== Data supplied ==
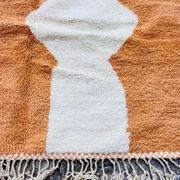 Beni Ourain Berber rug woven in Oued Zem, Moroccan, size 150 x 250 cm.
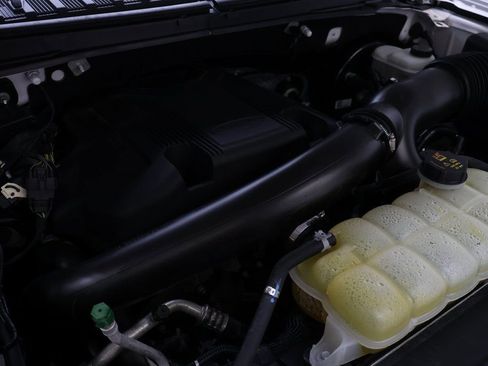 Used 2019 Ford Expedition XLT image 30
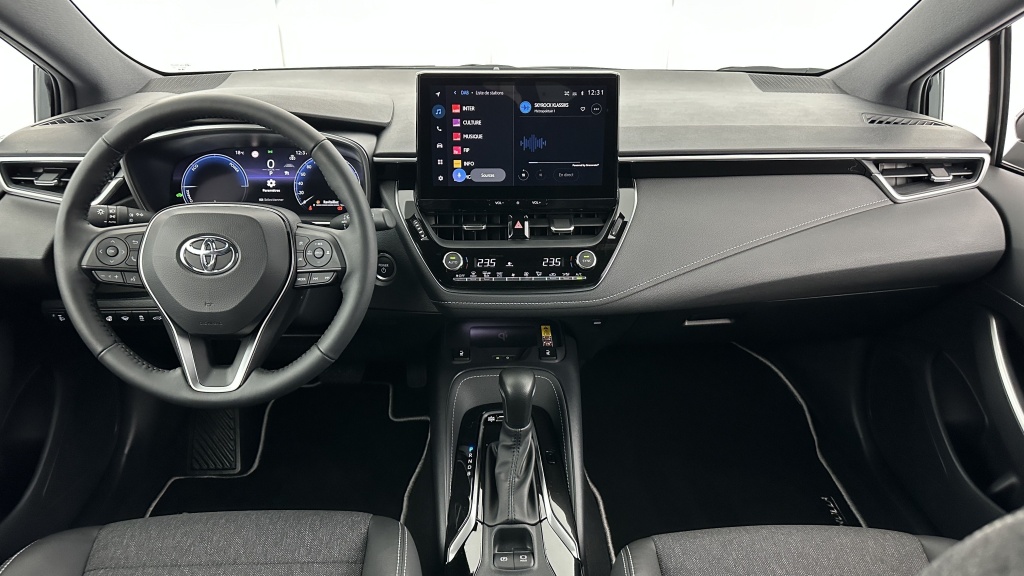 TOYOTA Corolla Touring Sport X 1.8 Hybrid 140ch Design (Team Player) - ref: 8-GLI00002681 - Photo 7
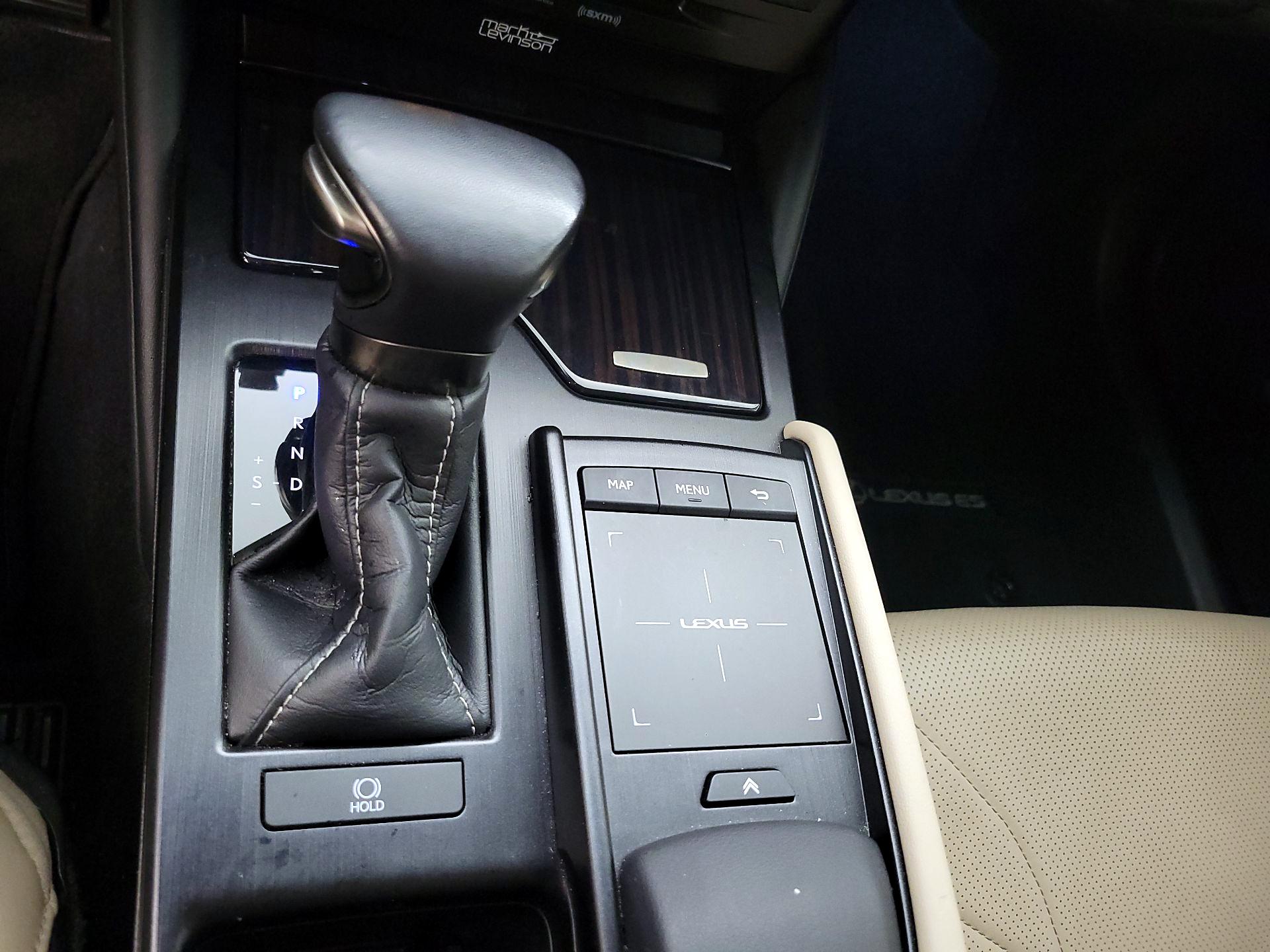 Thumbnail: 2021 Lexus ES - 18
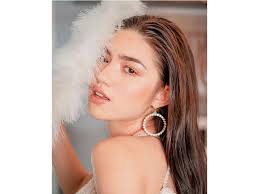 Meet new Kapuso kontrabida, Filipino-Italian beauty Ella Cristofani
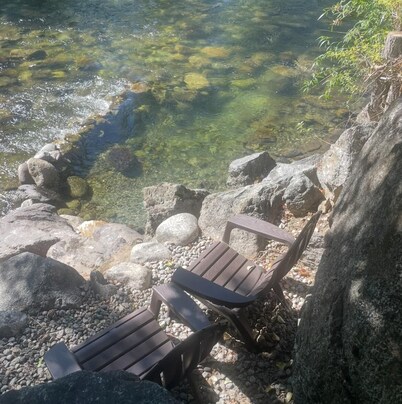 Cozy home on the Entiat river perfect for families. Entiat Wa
===
Only an exact copy of the lines from the one with "Thumbnail: 2021 Lexus ES - 18" through the last line of the listing should be given; pictures must not be included.

 Thumbnail: 2021 Lexus ES - 18
 Meet new Kapuso kontrabida, Filipino-Italian beauty Ella Cristofani
 Cozy home on the Entiat river perfect for families. Entiat Wa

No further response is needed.